U.S. Reps. Rush Holt and Rodney Frelinghuysen visited the Princeton Plasma Physics Laboratory this morning to announce that the U.S. House of Representatives has passed legislation to restore $76 million in funding for fusion energy research.
The funding, which supports the Princeton Plasma Physics Lab and other energy research laboratories, was not included in the President Obama’s fiscal year 2013 budget request. Without the funding, the lab would face major cutbacks on research projects and staff reductions of up to 100 people, including scientists, engineers, and lab technicians.
“Fusion research is key to America’s energy future, and we are proud to have this important work in New Jersey,” said Holt, who was the assistant director of the lab before his election to Congress. “If you look around us today, you’ll see workers in lab coats, workers in suits, and workers in jeans and hardhats — in other words, a broad cross-section of the New Jersey workforce. All of these jobs, and all of their crucial research, are placed at risk by efforts to cut basic research.”
After the President announced his plans earlier this year to cut funding for fusion energy research, Holt gathered a coalition of 48 bipartisan members of Congress to oppose the cuts. The group wrote a letter to Frelinghuysen in his role as chairman of the U.S. House Appropriations Subcommittee on Energy and Water Development, asking that the funding be restored. Frelinghuysen is a Republican representing New Jersey’s 11th District.
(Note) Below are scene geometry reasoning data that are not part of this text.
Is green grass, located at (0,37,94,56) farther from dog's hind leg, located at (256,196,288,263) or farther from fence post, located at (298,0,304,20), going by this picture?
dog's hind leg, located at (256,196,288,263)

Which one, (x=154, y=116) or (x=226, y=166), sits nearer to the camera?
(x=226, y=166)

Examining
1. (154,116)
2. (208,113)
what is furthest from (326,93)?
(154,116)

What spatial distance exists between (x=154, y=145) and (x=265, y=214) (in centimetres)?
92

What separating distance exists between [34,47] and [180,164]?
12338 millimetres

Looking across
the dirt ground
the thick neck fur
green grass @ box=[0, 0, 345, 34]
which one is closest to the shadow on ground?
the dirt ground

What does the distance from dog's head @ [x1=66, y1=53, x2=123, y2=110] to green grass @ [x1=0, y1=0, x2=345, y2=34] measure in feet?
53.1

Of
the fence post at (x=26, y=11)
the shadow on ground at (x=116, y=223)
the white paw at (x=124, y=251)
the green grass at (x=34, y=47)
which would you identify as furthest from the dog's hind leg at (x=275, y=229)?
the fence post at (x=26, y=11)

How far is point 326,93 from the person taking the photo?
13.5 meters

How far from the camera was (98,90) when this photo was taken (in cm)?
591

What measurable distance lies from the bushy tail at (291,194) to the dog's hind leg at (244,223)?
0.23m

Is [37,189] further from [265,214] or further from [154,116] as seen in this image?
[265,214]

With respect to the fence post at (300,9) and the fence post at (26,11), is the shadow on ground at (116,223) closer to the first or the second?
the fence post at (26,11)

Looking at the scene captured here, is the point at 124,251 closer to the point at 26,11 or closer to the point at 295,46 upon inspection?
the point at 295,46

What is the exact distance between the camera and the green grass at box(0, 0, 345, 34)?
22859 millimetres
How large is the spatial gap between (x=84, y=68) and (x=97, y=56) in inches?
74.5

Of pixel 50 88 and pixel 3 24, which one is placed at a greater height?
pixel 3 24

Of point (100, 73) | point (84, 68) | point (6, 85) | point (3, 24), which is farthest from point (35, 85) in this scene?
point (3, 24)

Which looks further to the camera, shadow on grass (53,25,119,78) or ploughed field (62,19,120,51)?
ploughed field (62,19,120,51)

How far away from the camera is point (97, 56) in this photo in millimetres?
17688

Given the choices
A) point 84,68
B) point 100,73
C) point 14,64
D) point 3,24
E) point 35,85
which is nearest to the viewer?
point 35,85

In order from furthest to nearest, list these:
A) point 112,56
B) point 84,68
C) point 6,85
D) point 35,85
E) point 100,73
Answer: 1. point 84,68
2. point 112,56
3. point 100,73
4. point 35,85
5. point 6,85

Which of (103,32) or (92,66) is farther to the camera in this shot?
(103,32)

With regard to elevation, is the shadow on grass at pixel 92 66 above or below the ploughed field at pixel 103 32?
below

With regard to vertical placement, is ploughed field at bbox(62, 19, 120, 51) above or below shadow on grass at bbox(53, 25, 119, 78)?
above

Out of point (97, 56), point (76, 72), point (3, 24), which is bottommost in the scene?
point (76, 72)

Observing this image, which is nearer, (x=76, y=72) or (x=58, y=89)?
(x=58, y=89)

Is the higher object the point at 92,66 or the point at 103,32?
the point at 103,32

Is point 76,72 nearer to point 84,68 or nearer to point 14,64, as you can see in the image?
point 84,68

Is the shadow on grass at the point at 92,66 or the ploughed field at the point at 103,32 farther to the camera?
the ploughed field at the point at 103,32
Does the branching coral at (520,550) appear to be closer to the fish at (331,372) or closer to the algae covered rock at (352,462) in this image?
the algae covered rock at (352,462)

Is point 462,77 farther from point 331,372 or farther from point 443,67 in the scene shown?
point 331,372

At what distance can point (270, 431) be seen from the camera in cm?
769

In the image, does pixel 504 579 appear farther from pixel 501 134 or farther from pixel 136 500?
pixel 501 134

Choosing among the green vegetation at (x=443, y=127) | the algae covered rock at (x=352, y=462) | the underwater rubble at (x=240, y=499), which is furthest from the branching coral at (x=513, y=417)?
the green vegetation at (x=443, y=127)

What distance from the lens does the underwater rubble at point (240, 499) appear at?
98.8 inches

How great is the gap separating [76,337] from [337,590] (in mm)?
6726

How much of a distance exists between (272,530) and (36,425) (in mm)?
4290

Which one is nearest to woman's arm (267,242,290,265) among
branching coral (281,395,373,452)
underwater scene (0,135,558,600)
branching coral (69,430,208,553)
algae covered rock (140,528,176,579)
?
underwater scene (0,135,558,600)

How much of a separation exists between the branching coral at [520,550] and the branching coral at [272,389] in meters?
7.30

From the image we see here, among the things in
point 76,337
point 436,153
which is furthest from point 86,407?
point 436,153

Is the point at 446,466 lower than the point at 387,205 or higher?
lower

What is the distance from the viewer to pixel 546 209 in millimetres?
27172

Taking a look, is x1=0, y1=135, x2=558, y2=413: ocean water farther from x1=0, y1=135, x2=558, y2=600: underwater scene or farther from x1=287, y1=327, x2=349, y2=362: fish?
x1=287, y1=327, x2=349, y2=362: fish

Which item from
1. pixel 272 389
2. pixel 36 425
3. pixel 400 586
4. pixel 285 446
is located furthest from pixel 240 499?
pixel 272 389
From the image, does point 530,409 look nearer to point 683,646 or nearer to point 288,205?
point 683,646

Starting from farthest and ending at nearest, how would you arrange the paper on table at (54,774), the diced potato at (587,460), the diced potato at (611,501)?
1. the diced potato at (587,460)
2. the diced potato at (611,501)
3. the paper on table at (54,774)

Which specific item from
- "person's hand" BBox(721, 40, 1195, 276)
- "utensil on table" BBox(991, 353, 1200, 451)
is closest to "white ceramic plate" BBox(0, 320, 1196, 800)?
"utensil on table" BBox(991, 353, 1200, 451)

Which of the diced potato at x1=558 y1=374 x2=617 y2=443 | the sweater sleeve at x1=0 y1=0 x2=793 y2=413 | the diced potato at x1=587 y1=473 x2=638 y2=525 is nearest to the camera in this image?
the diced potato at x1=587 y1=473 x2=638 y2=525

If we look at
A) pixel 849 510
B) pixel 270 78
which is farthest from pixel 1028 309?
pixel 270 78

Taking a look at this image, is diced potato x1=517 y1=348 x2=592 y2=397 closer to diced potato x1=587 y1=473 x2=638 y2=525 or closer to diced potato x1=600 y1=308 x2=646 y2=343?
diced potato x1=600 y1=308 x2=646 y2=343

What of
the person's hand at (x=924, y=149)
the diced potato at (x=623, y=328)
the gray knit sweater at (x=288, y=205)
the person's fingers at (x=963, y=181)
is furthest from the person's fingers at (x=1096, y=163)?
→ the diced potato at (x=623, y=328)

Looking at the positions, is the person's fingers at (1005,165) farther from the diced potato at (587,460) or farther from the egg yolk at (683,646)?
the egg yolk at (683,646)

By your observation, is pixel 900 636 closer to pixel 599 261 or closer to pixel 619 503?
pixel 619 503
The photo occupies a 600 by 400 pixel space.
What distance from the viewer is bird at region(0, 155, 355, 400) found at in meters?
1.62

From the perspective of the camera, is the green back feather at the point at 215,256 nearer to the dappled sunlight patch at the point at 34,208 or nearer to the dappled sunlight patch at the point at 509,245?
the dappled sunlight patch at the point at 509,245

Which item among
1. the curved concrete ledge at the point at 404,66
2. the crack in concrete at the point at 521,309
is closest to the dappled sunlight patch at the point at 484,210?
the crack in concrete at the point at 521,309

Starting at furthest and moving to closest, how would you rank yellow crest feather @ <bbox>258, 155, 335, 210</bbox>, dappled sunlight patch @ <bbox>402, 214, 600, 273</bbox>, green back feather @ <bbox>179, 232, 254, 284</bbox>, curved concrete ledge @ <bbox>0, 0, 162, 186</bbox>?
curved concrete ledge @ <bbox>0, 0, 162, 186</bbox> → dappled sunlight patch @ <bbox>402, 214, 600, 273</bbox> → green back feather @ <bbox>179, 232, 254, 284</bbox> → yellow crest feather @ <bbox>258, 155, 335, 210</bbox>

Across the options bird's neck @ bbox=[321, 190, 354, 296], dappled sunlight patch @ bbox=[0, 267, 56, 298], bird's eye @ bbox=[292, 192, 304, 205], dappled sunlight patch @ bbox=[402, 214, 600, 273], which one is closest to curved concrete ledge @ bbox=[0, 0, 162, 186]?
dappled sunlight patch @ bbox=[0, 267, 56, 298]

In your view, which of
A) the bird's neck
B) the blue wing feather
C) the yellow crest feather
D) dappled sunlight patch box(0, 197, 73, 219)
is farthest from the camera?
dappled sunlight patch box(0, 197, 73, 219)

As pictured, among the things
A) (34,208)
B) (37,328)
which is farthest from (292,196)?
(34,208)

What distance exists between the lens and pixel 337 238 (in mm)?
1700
“Clean energy is an area in which our government can ill-afford to fall behind,” the bipartisan coalition wrote. “We will cede further advantage to countries such as China, South Korea, Japan, and the European Union, all of which are pursuing substantially more aggressive fusion programs than our own.”
In response, Frelinghuysen authored legislative language restoring full funding for fusion energy research in the fiscal year 2013 energy and water appropriations bill. The bill passed the U.S. House of Representatives on June 6.
“I asked Representative Frelinghuysen to join us at PPPL today mostly so that we could say,`Thank you’,” Holt said. “His leadership is admirable and deeply appreciated. The Senate still must pass an energy bill that retains this new funding, but thanks to his efforts, the momentum is moving in the right direction.”
Holt and Frelinghuysen were hosted by Stewart Prager, the director of the lab, and Princeton University President Shirley Tilghman.
“The funding bill they both fought for is exceedingly important for the advancement of fusion energy, paving the way for new pathways for the U.S.,” Prager said.